DATA EXCERPT:
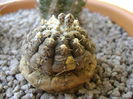 Gymnocalycium ragonesei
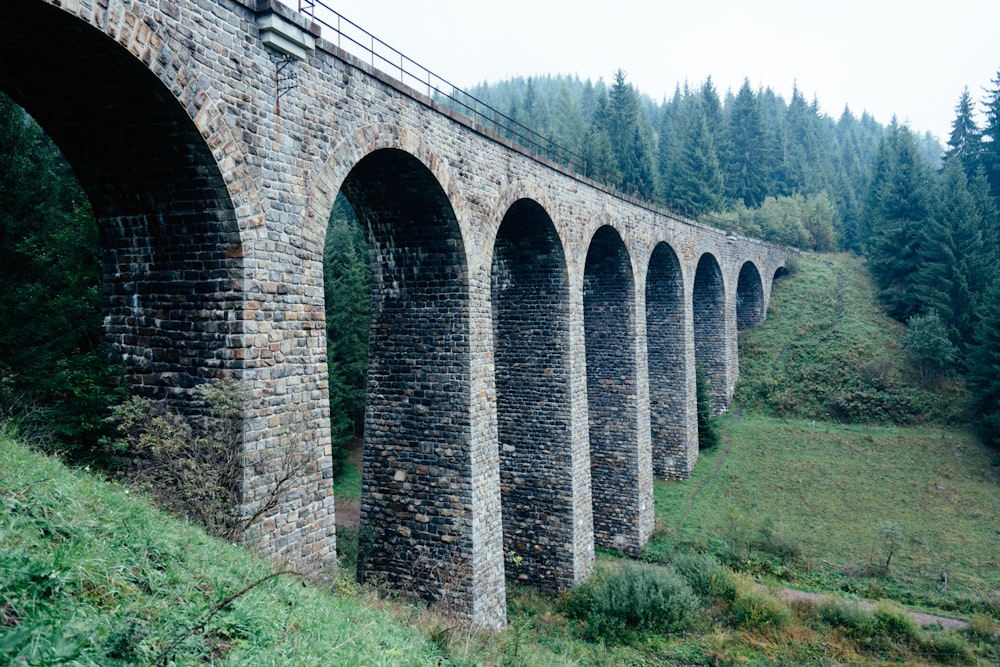 brown concrete bridge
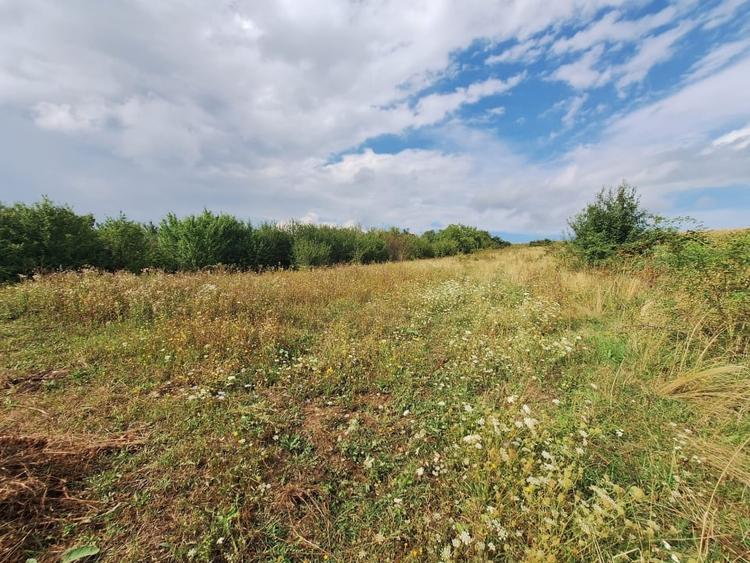 Oportunitate! Teren intravilan de vanzare, 2000 mp., Tureni - 5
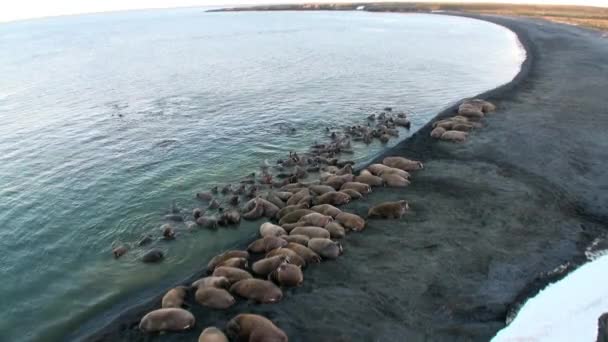 Walrosse Entspannen Sich Der Nähe Des Wassers Ufer Des Arktischen — Stockvideo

WHAT YOU WILL DO:
The answer must be an exact copy of the lines from the one that holds "Oportunitate! Teren intravilan" through the end of the data, both included, with no pictures.

OUTPUT OF THE TASK:
 Oportunitate! Teren intravilan de vanzare, 2000 mp., Tureni - 5
 Walrosse Entspannen Sich Der Nähe Des Wassers Ufer Des Arktischen — Stockvideo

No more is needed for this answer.